This thesis evaluates two linguistic approaches to literary translation. The study examines two Norwegian translations of poetic texts by Leonard Cohen – one song and one poem. The analyses and evaluations are from the point of view of Systemic Functional Grammar and Relevance Theory. The research includes evaluations of the applicability of the two approaches to translation criticism, as well as a comparison of the two translations based on the translator’s choices and intentions.
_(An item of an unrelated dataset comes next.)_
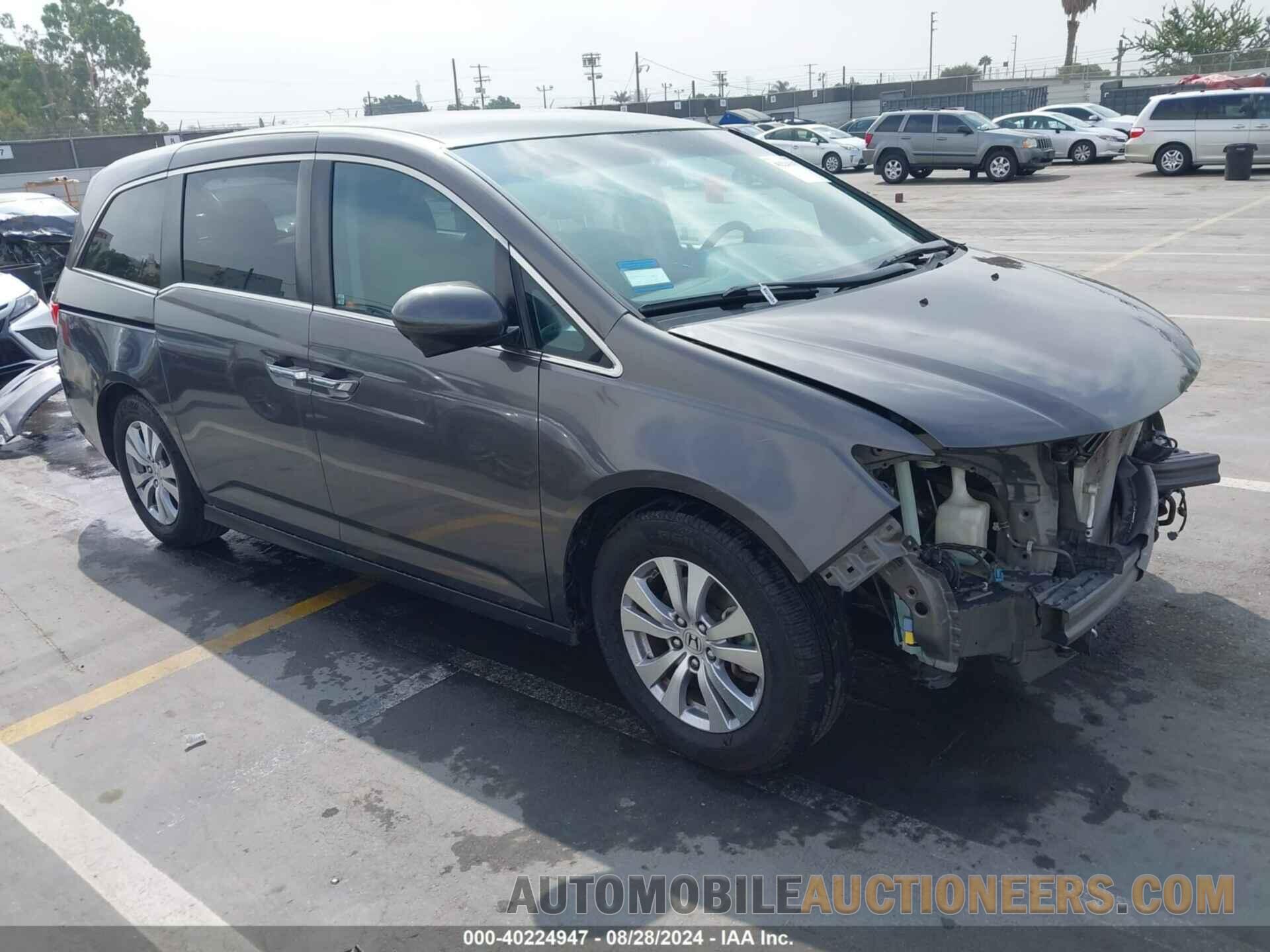 5FNRL5H36GB069992 HONDA ODYSSEY 2016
Results showed that when translating the song, the translator had made sacrifices in semantic representations in order to prioritise prosodic elements (rhyming and rhythm). The translated song had also gone through a cultural filter and undergone changes in situation. The target text was a version rather than a translation of the source text. When translating the poem, however, the translator had aimed for resemblance both on a semantic and pragmatic level. The systemic functional approach made it possible to apply labels to the constituents in the individual clauses in the texts. This helped to identify the translator’s choices and whether the translated texts were functionally equivalent to the source texts. The relevance-theoretic approach made it possible to consider and describe the poetic effects and interpretative resemblance of the translations.
While there were limitations to both theories, they did to some extent complement each other. Systemic Functional Linguistics provided a useful framework for categorising the translator’s semantic choices, while Relevance Theory provided a vocabulary for describing the cognitive effects and poetic value of the translator’s choices.